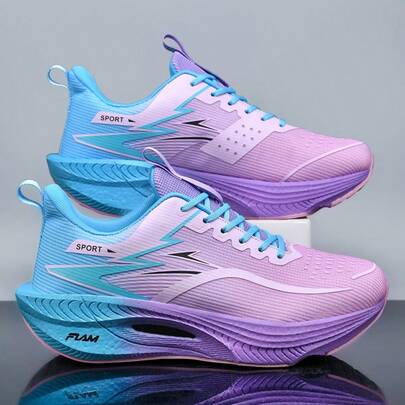 Unisex Marathon Carbon Plate Technology Running Shoes, Lightweight Shock-Absorbing Marathon Sports Shoes, Carbon Fiber Casual Fitness Running Shoes For Teenagers, Fashion Breathable Non-Slip Durable Sports Casual Running Shoes, Soft Sole Classic Gradient Color Sports Shoes, Comfortable Walking Shoes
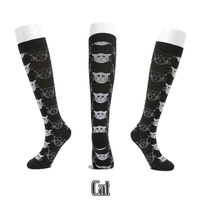 L/XL Size Compression Socks Unisex Adult Nursing Travel Stocking Sport - Cat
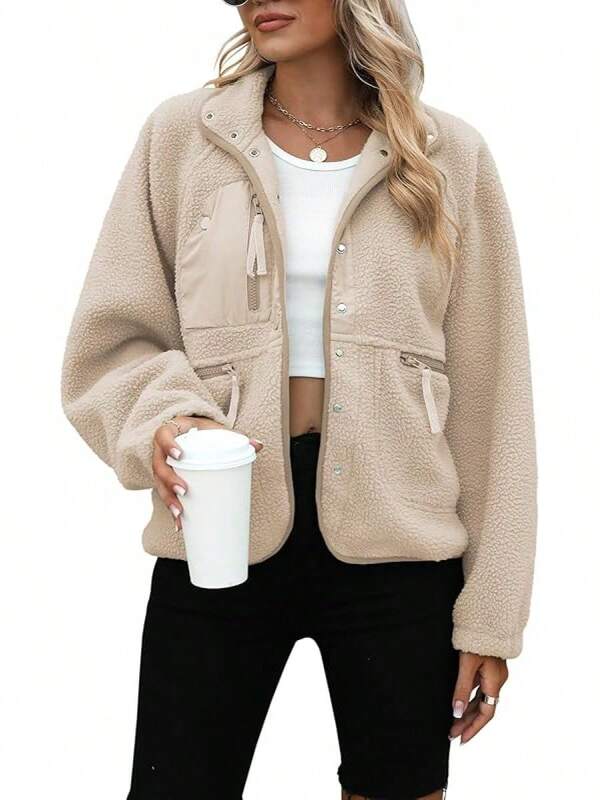 Womens Fuzzy Long Sleeve Short Winter Fleece Coats Button Down Sherpa Outerwear With Pockets, 2025 Style OUGP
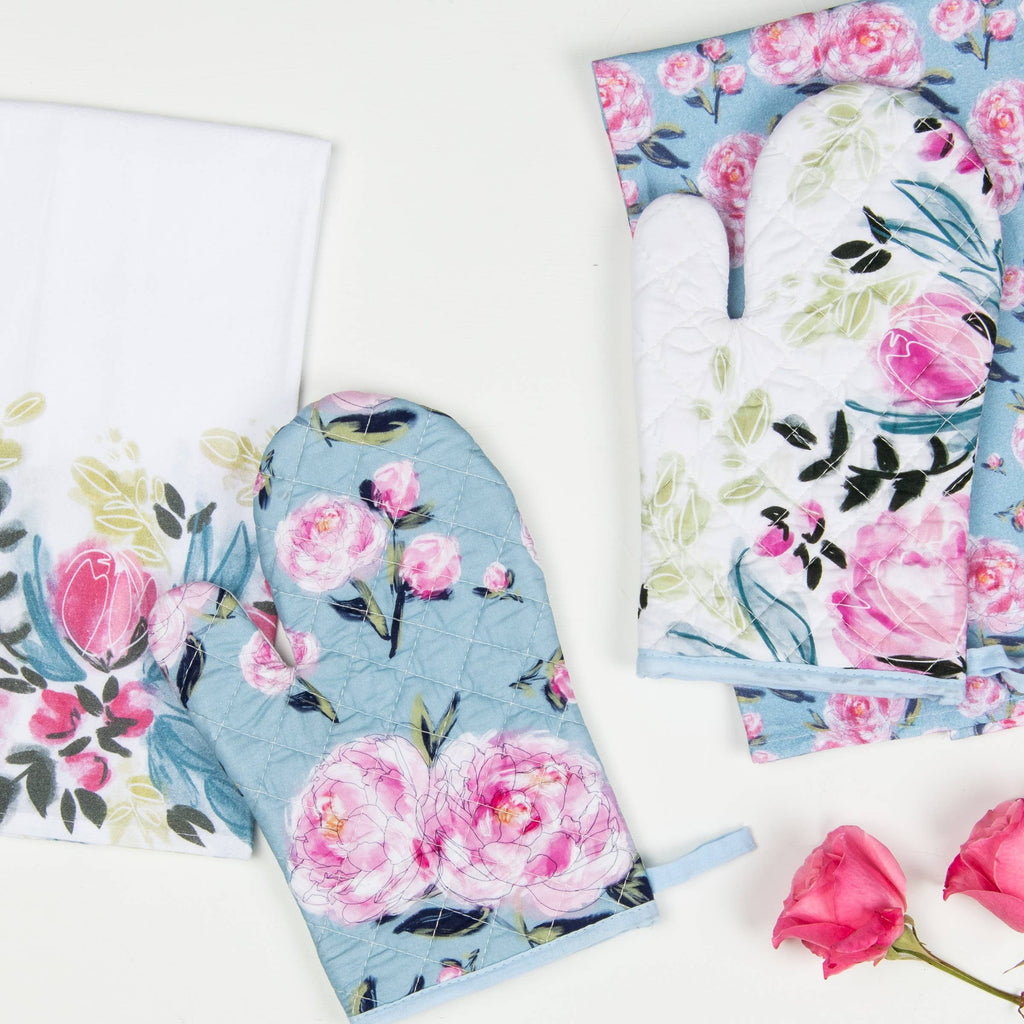 Floral Mitt and Tea Towel Set of 2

* Exercise requirements *
Begin at the line that contains "Womens Fuzzy Long" and transcribe exactly, and only, each line through the final line of the data above, both included; the pictures do not go in.

* Response to this exercise *
 Womens Fuzzy Long Sleeve Short Winter Fleece Coats Button Down Sherpa Outerwear With Pockets, 2025 Style OUGP
 Floral Mitt and Tea Towel Set of 2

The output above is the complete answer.